حَل۪يماً - غَفُوراً  kelimeleri, mübalağalı ism-i fail kalıbındandır. Bu kalıp bu vasfın mevsufta sürekli varlığına, sıfatın, mevsufun bir parçası gibi ondan ayrılmayan bir özelliği olduğuna işaret eder.

Mübalağalı ism-i fail: Bir varlıkta bir niteliğin aşırı derecede bulunduğunu gösteren, fiilden türeyen, sıfat cinsinden isimlerdir. Mübalağalı ism-i failler Allah için kullanılırsa sıfat, insanlar için kullanılırsa mübalağa ya da lakap olurlar. (Arapça Dilbilgisi Ayetlerle Nahiv Bilgisi)

 

تُسَبِّحُ لَهُ السَّمٰوَاتُ السَّبْعُ وَالْاَرْضُ وَمَنْ ف۪يهِنَّۜ 

 

Ta’lil hükmünde istînâf cümlesidir. Fasıl sebebi şibh-i kemâl-i ittisâldir. Müspet muzari fiil sıygasında, faide-i haber, ibtidâî kelamdır.

Muzari fiil hudûs, istimrar ve teceddüt ifade eder. Ayrıca muzari fiilin tecessüm özelliği muhatabın muhayyilesini harekete geçirerek konuyu iyice kavramasına yardımcı olur.

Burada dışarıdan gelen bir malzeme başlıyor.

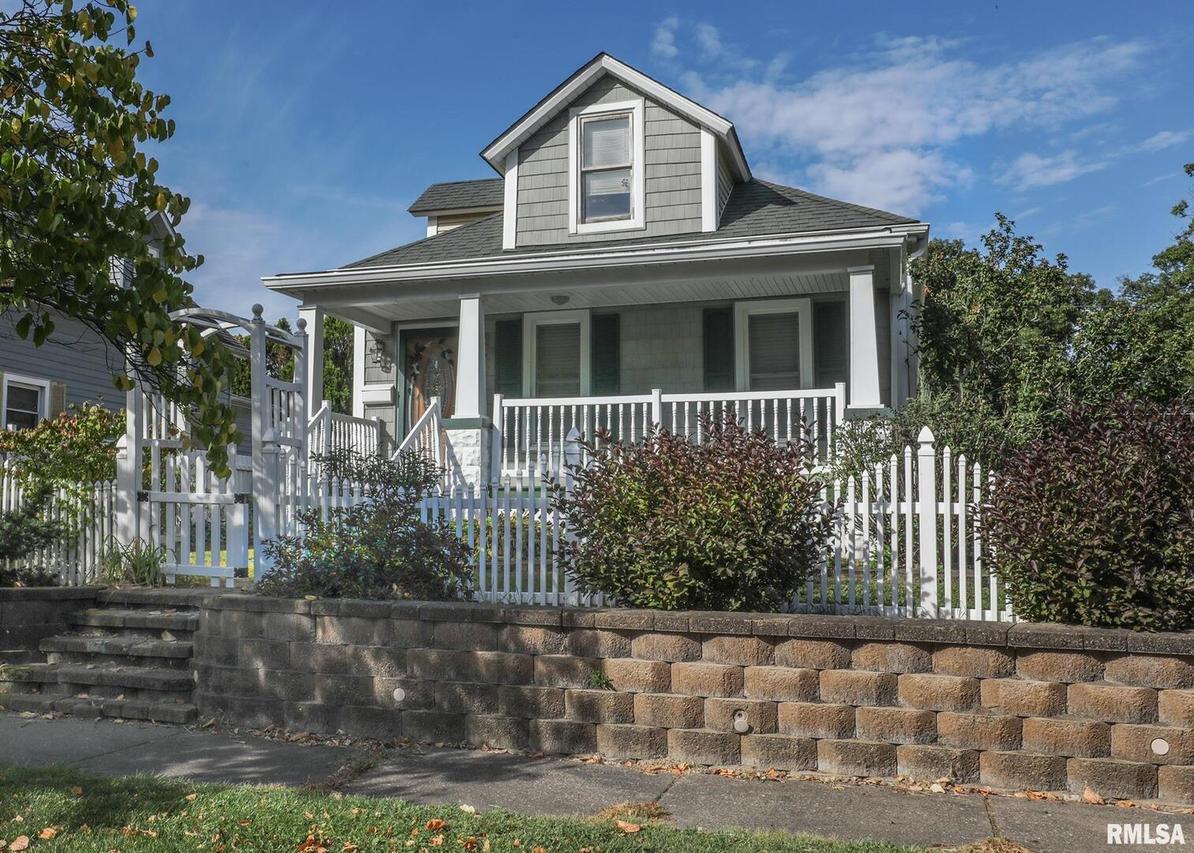 1102 40th St., Rock Island, IL 61201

Car mecrur  لَهُ , faile takdim edilmiştir. Tahsis ifade eder. ‘Sadece onu tesbih ederler, başkasını değil’ manası vardır.

Faile matuf olarak merfû mahaldeki müşterek ism-i mevûl  مَنْ ’in sılası mahzuftur. ف۪يهِنَّ , bu mahzuf sılaya müteallıktır. Sılanın hazfi, îcâz-ı hazif sanatıdır.

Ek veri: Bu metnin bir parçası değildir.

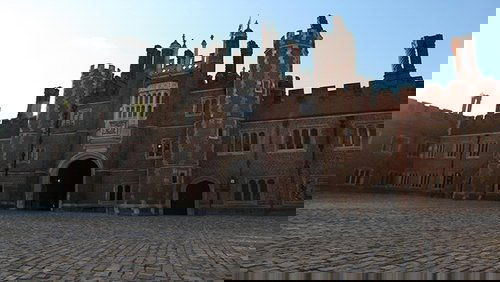 Secrets of the Manor House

Tesbih edenlerin semavat, arz ve oradaki herkes olarak sayılması taksim sanatıdır.

السَّمٰوَاتُ - الْاَرْضُ  kelimeleri arasında mürâât-ı nazîr sanatı ve tıbâk-ı îcab sanatları vardır.

Yedi gök, yer ve bunlarda olan melekler, insanlar ve cinler, O'nu tesbih ederler. Buna göre tesbihten murad, umumi bir mecaz yoluyla söz lisanını da hal lisanını da kapsayan bir manadır. (Ebüssuûd) 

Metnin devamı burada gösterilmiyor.